The policeman about to come on board and the people on the pier saw him rush out on deck, bend over the edge of the boat, and vomit into the sea, his body retching convulsively.
FIVE
Frank Ottobre awoke with the feeling that he was lying between strange sheets in a strange bed, in an unknown house, in a foreign city.
Then memory seeped into his brain like sunlight through the shutters and the pain was still there, just as he’d left it the night before. If there was still a world outside, and if there was a way to forget that world, his mind had rejected both. Just then, the cordless phone on the bedside table rang. He turned over and extended his hand to the phone’s flashing display.
‘Hello?’
‘Hey, Frank.’
He closed his eyes and the face called forth by the voice in the receiver came immediately to mind.

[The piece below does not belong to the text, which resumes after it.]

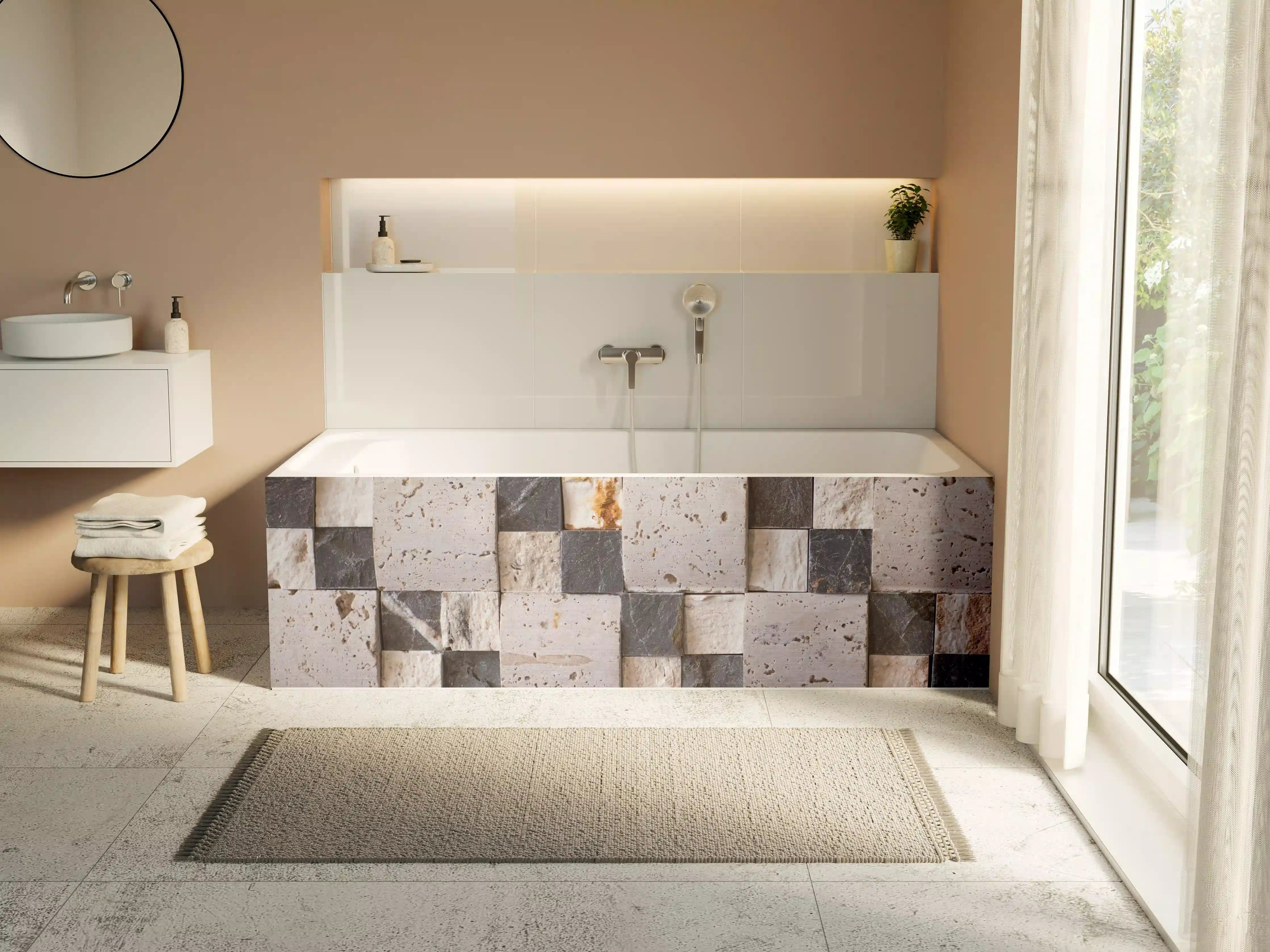 Badewannen-Rückwand - Moderne Wandgestaltung mit Mauersteinen in Grau und Beige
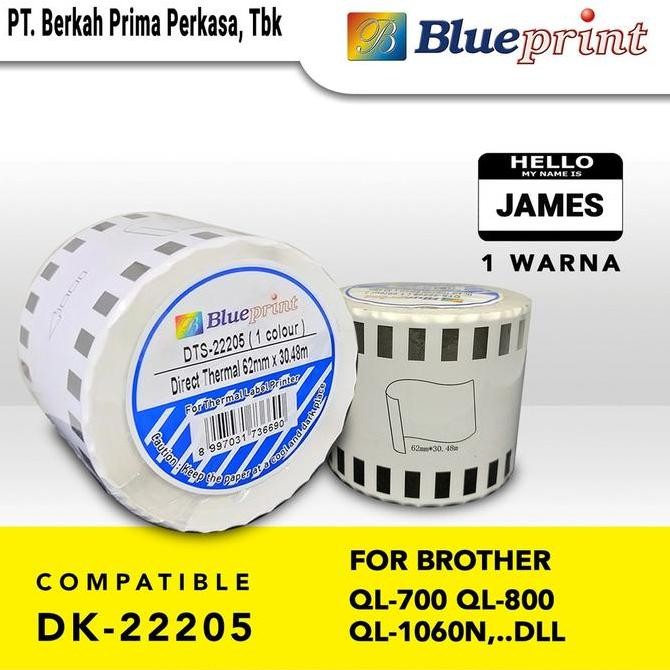 

new label bare 22205 blueprint 62x30,48m continuous stiker roll brother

The pug nose, the sandy hair, the eyes, the smell of aftershave, the pained walk, the dark glasses and grey suit that was like a uniform.
‘Hey, Cooper.’
‘It’s early for you, but I knew you’d be up.’
‘Yeah. What’s up?’
‘What’s up? Total pandemonium. We’re on duty 24/7. If there were twice as many of us, we’d need twice as many as that to keep up with everything. Everyone’s trying to pretend that nothing’s happened, but everyone’s afraid. And we can’t blame them: we’re scared too.’
There was a brief pause.
‘How are you doing, by the way?’
Yeah, how am I doing?
Frank asked himself the question as if just reminded that he was alive.
‘Okay, I guess. I’m here in Monte Carlo hobnobbing with the jet set. Only problem is, with all these billionaires I’m in danger of feeling like one myself. I’ll leave when I no longer think that buying a mile-long yacht is a crazy idea.’
He got out of bed, still holding the phone to his ear, and
headed to the bathroom in the nude. In the semi-darkness, he sat down on the toilet and urinated.
‘If you buy one, let me know so I can come try it out.’
Cooper wasn’t fooled by Frank’s bitter humour, but he decided to play along. Frank imagined him on the phone in his office, with a strained smile and a distressed look on his face. Cooper was the same as ever. He, however, was in a tailspin and they both knew it.
There was a moment of silence and then Frank distinctly heard the sigh that Cooper often used. His voice was harsher now and more anxious.
Frank, don’t you think—’
‘No, Cooper,’ said Frank, knowing what he was going to say and cutting him off. ‘Not yet. I don’t feel up to coming back. It’s too soon.’
Frank. Frank. Frank! It’s been almost a year. How much time do you need to . . .’
In Frank’s mind, Cooper’s words were lost in the huge space between where he was, America, and the void of the galaxies. All he could hear was the voice of his own thoughts.
Yeah, how much time, Cooper? A year, a hundred years, a million years? How much time does it take for a man to forget that he destroyed two lives?
‘Homer said you can come back on duty whenever you like, if that helps. You’d be a help anyway. We need people like you right now, for Christ sake. Don’t you think that being here and feeling like you’re part of something, after all this—’
Frank interrupted and destroyed any false idea of closeness.
‘There’s only one thing left after all this, Cooper.’
Cooper was silent, with a burning question that he was afraid even to whisper. Then he spoke, and the thousands of miles separating Monte Carlo from America were nothing compared to the distance between the two men.